Напрягая последние силы, Доброскоков сделал подробный доклад командиру и только после этого дал отвести себя на лечебный пункт.
* * *
Пока отходила группа Доброскокова, отрезанное от отряда Армизонова отделение младшего командира Морозова вело неравный бой.
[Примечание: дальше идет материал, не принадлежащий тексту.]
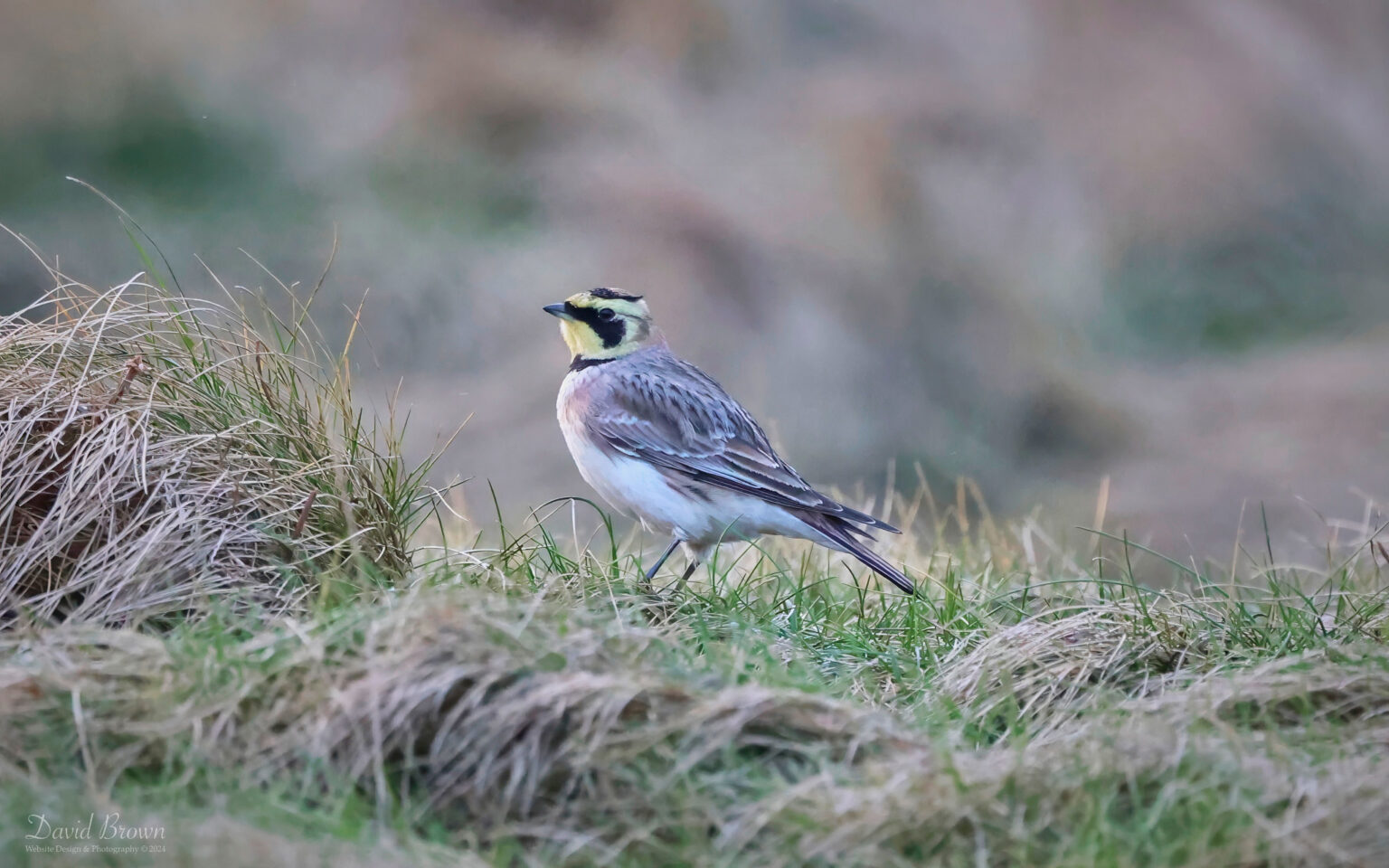 Shorelark at Newbiggin-by-the-Sea, 27th January 2024.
Обнаружив горсточку из восьми человек, ободренные ее малочисленностью, около двадцати белофиннов поднялись, вышли из-за тороса и пошли в открытую атаку,
Попавший под луч прожектора Морозов хотел проскочить на теневую сторону, но прикрепленные к ногам лыжи помешали ему это сделать ползком. Пришлось подниматься. Вставая на лыжи, замешкался. Подбежавший белофинн бросил гранату. Упал Морозов, раненный в обе ноги. Падая, он все же успел ответить не менее точным броском. Враг подпрыгнул, дико завопил и кинулся на упавшего Морозова. Следом за первым спешил на помощь второй белофинн. На мягком снегу завязалась бурная схватка.
Выстрел из пистолета почти в упор! Но белофинн промахнулся. В следующее мгновение крепыш Морозов словно клещами сжал вооруженную руку врага и, лежа на спине, старался сбросить цепко насевшего белофинна. Тот не давал Морозову вытащить из-за пазухи ватника наган. Достать нож или штык было еще труднее, и безоружный Морозов оборонялся только прославленными в отряде руками отменной мощности. Изловчившись, напрягая могучие мускулы, Морозов отвел вооруженную руку врага. Дуло пистолета воткнулось в снег. Выстрел в снегу разорвал ствол. Шансы уравнялись, и борьба продолжалась с еще большей яростью.
В нескольких шагах двадцатилетний первогодок, недавний тамбовский колхозник Посконкин, только что уложил налетевшего белофинна. Распластанный, в белом маскировочном халате, лежал он у ног победителя.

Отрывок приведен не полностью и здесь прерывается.